Education advocates have noted that learning loss from the pandemic and the youth mental-health crisis have made this change more necessary. Randi Levine, policy director at Advocates for Children of New York, said the new formula must allocate funds for homeless students and students in the foster-care system.

"Currently," she said, "the formula does not provide any additional funding for those populations of students who have distinct educational needs and often face barriers to success in school."

A 2023 report noted that more than 119,000 New York City students are homeless. Other recommendations to improve the funding formula include providing resources for New York City to implement its new class-size requirements, improvements to special-education distribution funding, and cost-effective strategies to aid multilingual learners.

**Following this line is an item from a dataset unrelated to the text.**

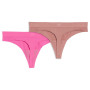 Culotte femme Puma 3D Knit Sport Strings 2P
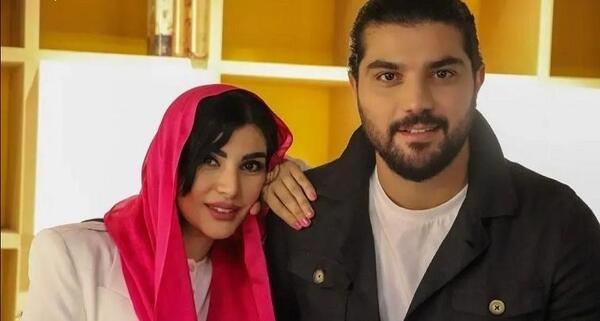 عکس حامد در سریال پدر و همسر واقعی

The final report from the Rockefeller Institute will be presented in early December.

Political will from New York Gov. Kathy Hochul and the state Legislature remain a challenge to implementing some formula changes. Levine noted that pandemic funding was used to create a host of beneficial programs for students in New York City. Without that continuous federal funding, she said, New York State has to pick up the slack.

"These are programs that were needed before the pandemic and are still needed today," she said. "But, the federal funding has now expired, and so there's a need for the state to contribute more resources."

Some of those programs included doubling 3-K program participation, bolstering preschool special education, hiring 500 school social workers and psychologists, and creating a program to have coordinators help students living in shelters get to school.